4. GO TO CAMP. I longed to sleep on a fleainfested mattress set on wooden planks, swim amongst leeches, and sing “Kumbaya” while roasting s’mores to perfection. In my seventh grade the junior school offered an end-of-theyear camp trip. Two weeks before the deposit was due, I took the permission slip to my dad and offered him a sales pitch straight out of Glengarry Glen Ross. “Forget it,” he told me. I was always advised to forget whatever I wanted. If only he could have forgotten to say no, just once. As a desperate measure I went to my mom, who simply asked what my father had said. Two days before the application was due, I grew frantic. All my classmates had already committed, and the only people outstanding were ethnic girls and suspected bedwetters. Knowing that both my parents would have left for their jobs by six thirty a.m., I woke up at six and went downstairs for one last effort. At least they were considerate enough to yell “No!” in less than a minute, allowing me to go back to bed and get another hour of sleep before school.
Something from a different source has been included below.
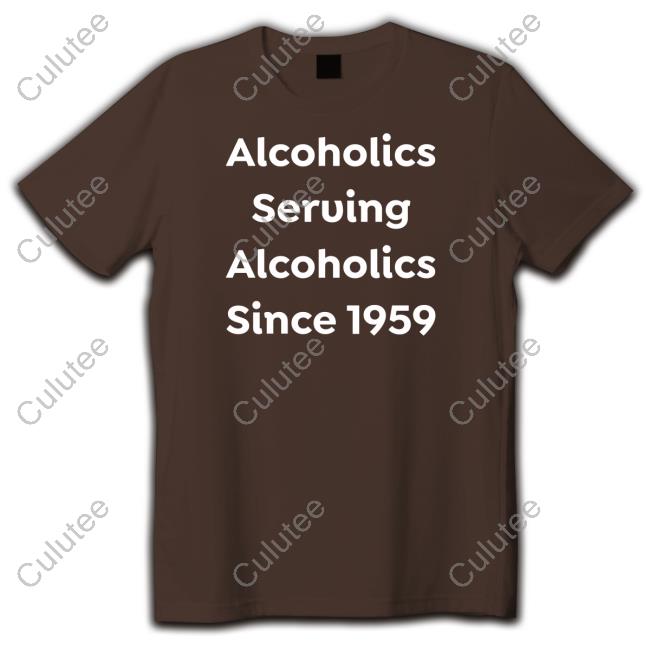 Alcoholics Serving Alcoholics Since 1959 Limited Edition Shirt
5. OWN A PET. I have wanted a dog my whole life. All my sisters have too. We would take out library books on dog breeds, buy dog magazines, cut pictures of cute pups out of them, and dream of the day that our parents’ tundra hearts would melt. My mom always had the same response: “I have enough animals in this house already!” It was a killer joke in the Indian mothers’ circle. But I was out of her house now, and what could make my house a home more than a furry foot-warmer to sit with me while I watched Seinfeld reruns?
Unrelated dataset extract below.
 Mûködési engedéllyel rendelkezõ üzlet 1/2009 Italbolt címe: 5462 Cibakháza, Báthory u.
I typed out my list the same way I had typed out hundreds of lists before it. And, as with every list I had ever made, I wondered how in hell I was going to really achieve any of it.

“Set one new New Year’s resolution for each year until you are done,” my friend Madeleine suggested.

“You know how that goes,” I said. Madeleine and I met in college. We had created a deep friendship based on a mutual love of eating, complaining about our weight, and each year swapping lists of New Year’s resolutions that we had abandoned like clockwork by January 15. I don’t think I had ever achieved one of my New Year’s resolutions. I never learned to do the worm (1988), alphabetized my vhs movie tapes (1994), read every book on the New York Times fiction list (1998), or lost ten pounds (2001, 2002, 2003, 2004, 2005, 2006). If I tried to do only one item on the list each year, I would have one foot in a ballet shoe and the other in the grave by the time I got around to them all. There was only one logical solution I could think of – I would have to do them all at once.

This was a bit of a goal-setting stretch for someone who had not achieved the vast majority of goals she set for herself, but if I pulled it off, perhaps I could finally stop looking at the past and move gracefully into the future. Thirty seemed as good an age as any to finish off my youth. And if I had time left at the end, maybe I would learn to do the worm.